Understanding the Saffir-Simpson Scale for Hurricane Categories

People are so accustomed to haring hurricanes described by their category level that it might seem this storm scale has been around for centuries. In fact, the Saffir-Simpson scale for hurricane categories was not created until the early 1970s. It classifies the storms by their wind speed, with levels ranging from 1 at the weakest to 5 at the most severe. The owners and employees of businesses like Cane Bay Partners on the island of St. Croix are uncomfortably familiar with this scale.
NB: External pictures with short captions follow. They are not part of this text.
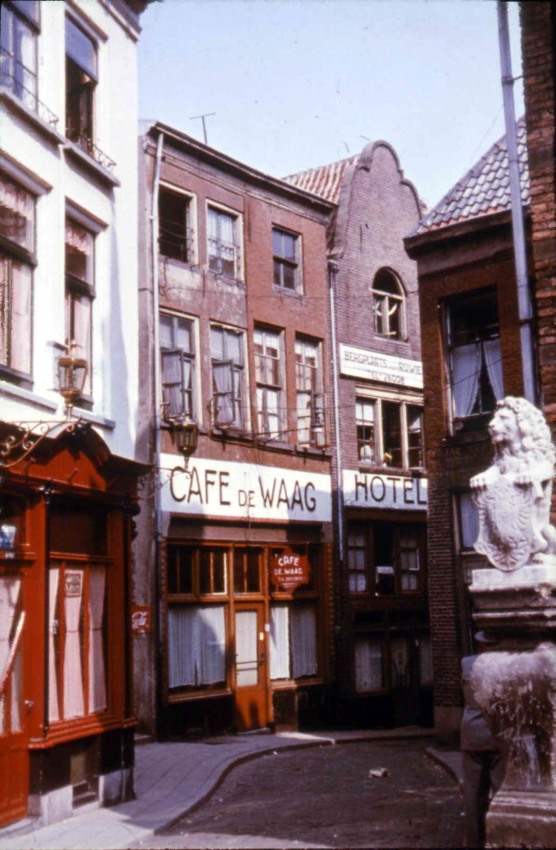 Achter de Hoofdwacht, gezien vanaf de Grote Markt in de richting van Kannenmarkt en de Korenmarkt. Links het huidige In de Blaauwe Hand, rechts de trappen van het Waaggebouw. Het laatste pand links heeft een gerestaureerde klokgevel, 1930-9/1944 (D2 RAN)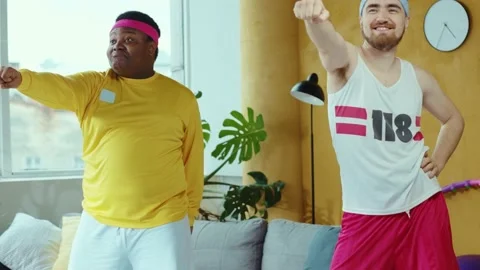 Funny multi-ethnic retro guys doing aerobics exercises in living room. Team of Stock-Footage 132576040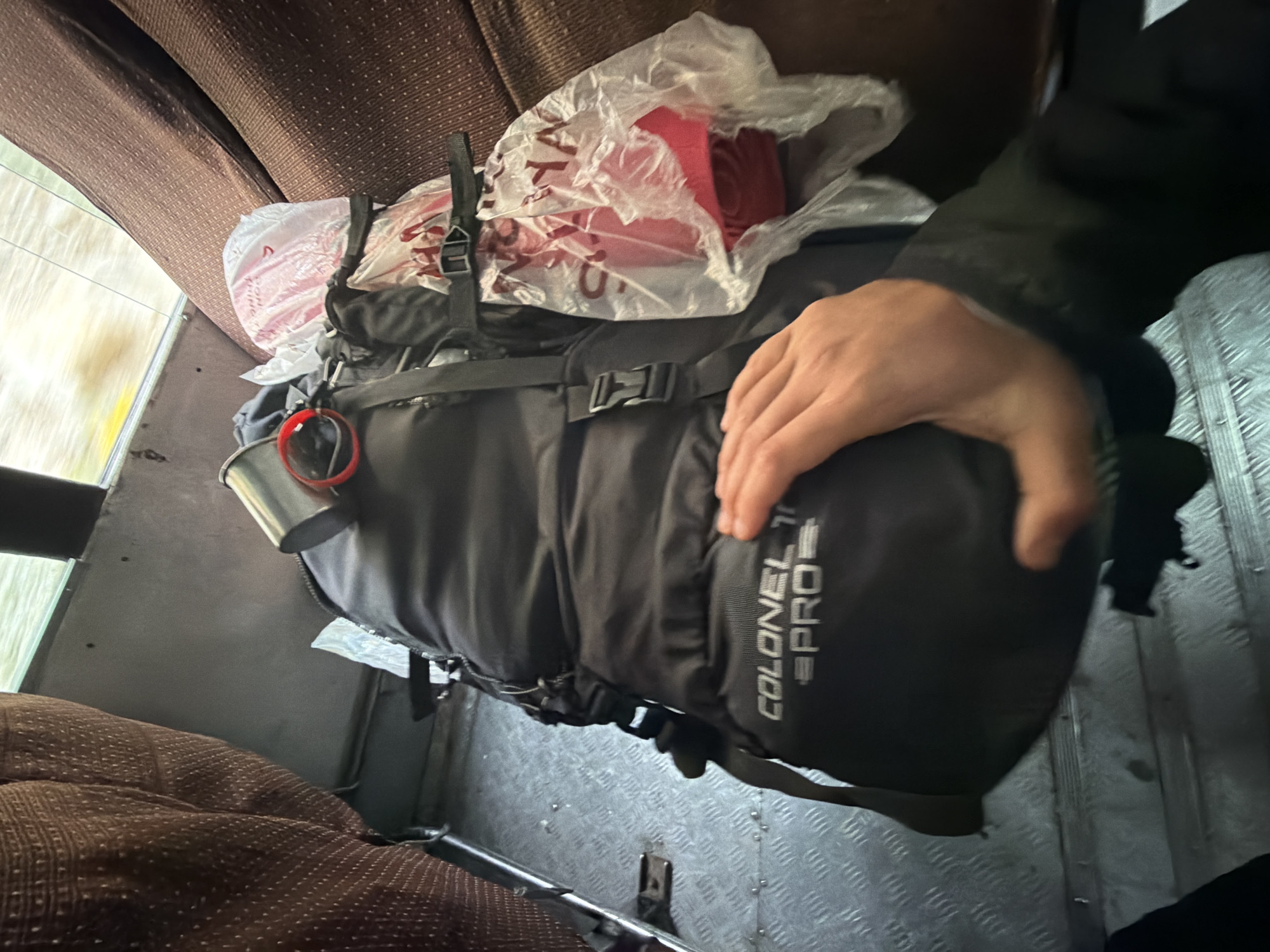 A person's hand rests on a black backpack with "COLONEL PRO" visible on the front. The backpack is situated on the floor of what appears to be a vehicle, possibly a bus, with brown fabric seats visible on either side. A metal cup with a red strap is attached to the top of the backpack. To the right of the backpack, a clear plastic bag contains red items. The floor of the vehicle is made of metal with a diamond plate pattern. The background outside the window is blurred, suggesting movement. There is no discernible information about the city of Hymia, India in the image.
St. Croix and Hurricane Maria

St. Croix was hit by a category 5 hurricane in 2017, although the storm essentially brushed against the island. Hurricane Maria caused widespread devastation there and on other Caribbean islands. Cane Bay Cares quickly created a charitable division to provide hurricane relief to their community of Christiansted and residents on the rest of the island. Recovery from the storm was a long effort, and some work continues even two years later.

Because of the way the storm traveled, St. Croix at least was spared the brunt of a category 5 catastrophic event. Instead, the sustained wind speeds on the island were a bit above 100 miles per hour, with gusts over 130 miles per hour. That still is enough to cause major damage to roofs and siding, which was extremely prevalent on the island after the hurricane blew through. Depending on the neighborhood and the community, power outages lasted from several weeks to several months.

The Saffir-Simpson Scale

The Saffir-Simpson scale was developed by a meteorologist and classifies hurricanes by wind speed. The lowest sustained wind speed connected with a hurricane, at category 1, is 74 miles per hour. The highest, in category 5, is any sustained wind above 157 miles per hour. The scale measures power of the storms, but many people would like to see added information for storm surges and rainfall.

With some hurricanes, the rain is much more damaging than the wind. That was the case with Harvey in 2017 and Katrina in 2005. Hurricane Maria did come with heavy rain squalls, but it was not associated with the severe flooding cause by some other storms.